### EXTRACTED INFORMATION
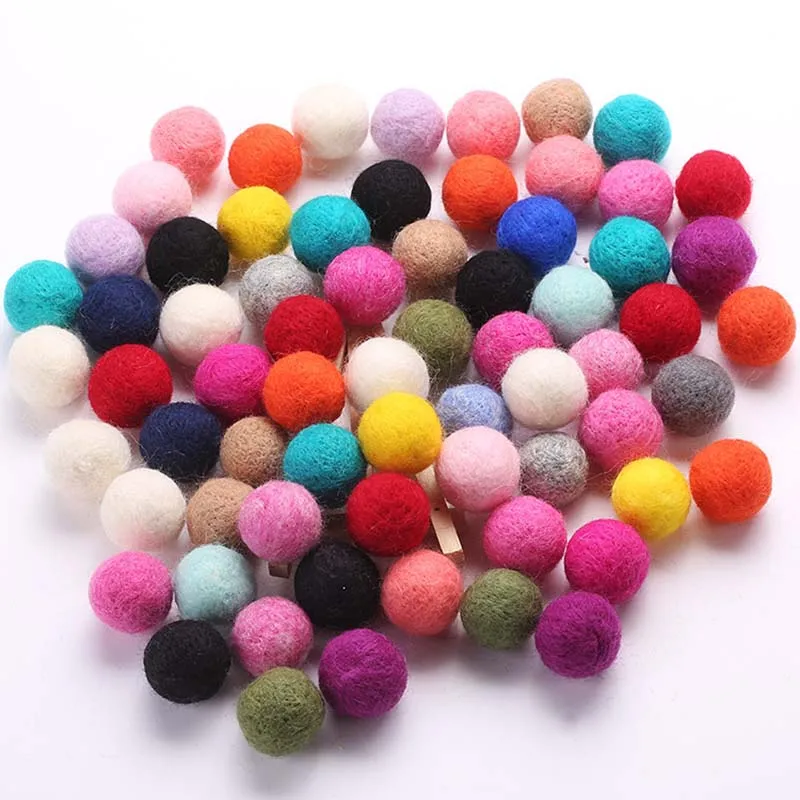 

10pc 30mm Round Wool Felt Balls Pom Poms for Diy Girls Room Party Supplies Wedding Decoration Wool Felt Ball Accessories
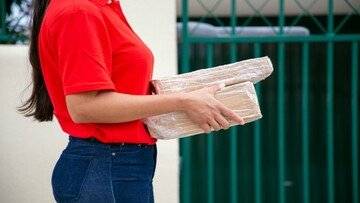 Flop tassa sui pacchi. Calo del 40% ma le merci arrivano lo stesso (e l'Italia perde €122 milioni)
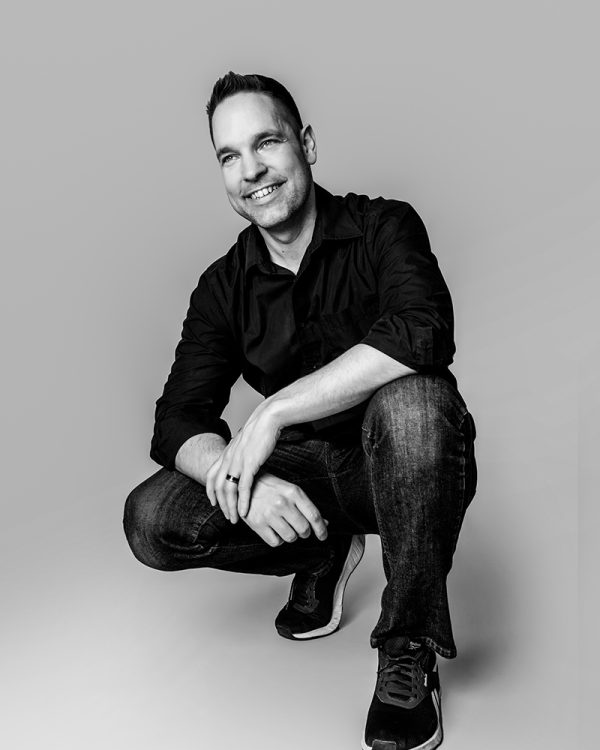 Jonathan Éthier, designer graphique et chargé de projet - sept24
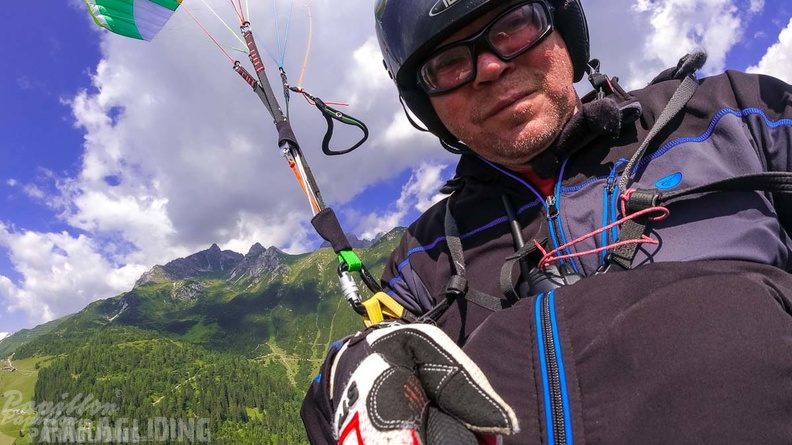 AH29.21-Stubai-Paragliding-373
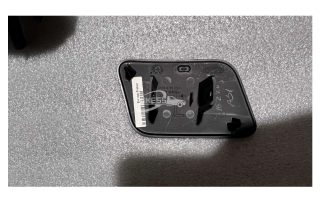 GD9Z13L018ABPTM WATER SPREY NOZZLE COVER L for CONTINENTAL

---

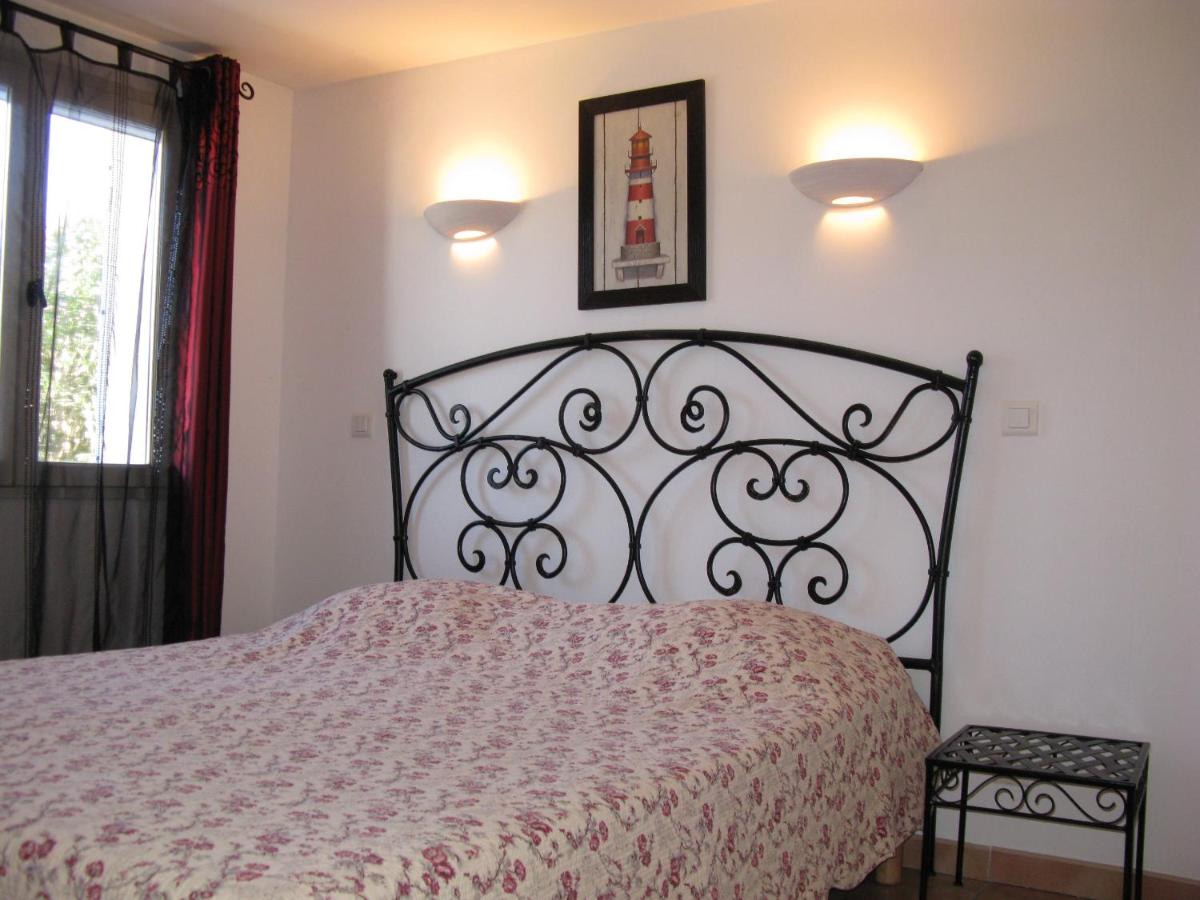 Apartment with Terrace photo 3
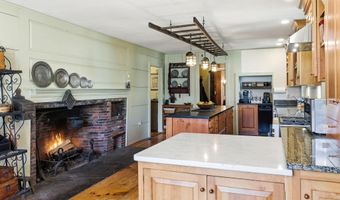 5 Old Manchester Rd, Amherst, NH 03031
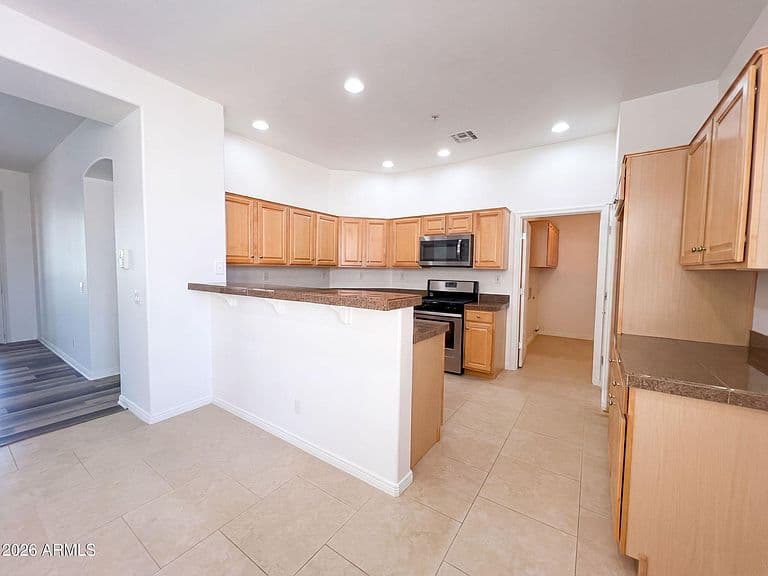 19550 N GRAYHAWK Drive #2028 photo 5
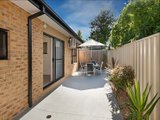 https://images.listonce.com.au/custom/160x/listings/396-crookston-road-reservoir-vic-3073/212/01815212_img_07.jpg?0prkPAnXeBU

---

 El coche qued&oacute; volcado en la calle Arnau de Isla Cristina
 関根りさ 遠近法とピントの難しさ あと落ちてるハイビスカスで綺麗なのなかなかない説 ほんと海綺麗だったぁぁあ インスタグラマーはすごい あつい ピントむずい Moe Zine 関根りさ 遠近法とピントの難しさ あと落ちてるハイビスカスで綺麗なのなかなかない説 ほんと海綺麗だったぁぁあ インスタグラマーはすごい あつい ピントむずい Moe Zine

### WORK REQUIRED
In the records above, find the line with "AH29.21-Stubai-Paragliding-373" and the line with "GD9Z13L018ABPTM WATER SPREY", then restate word for word only those two lines and all lines between, omitting pictures.

### ANSWER FOR THE TASK
 AH29.21-Stubai-Paragliding-373
 GD9Z13L018ABPTM WATER SPREY NOZZLE COVER L for CONTINENTAL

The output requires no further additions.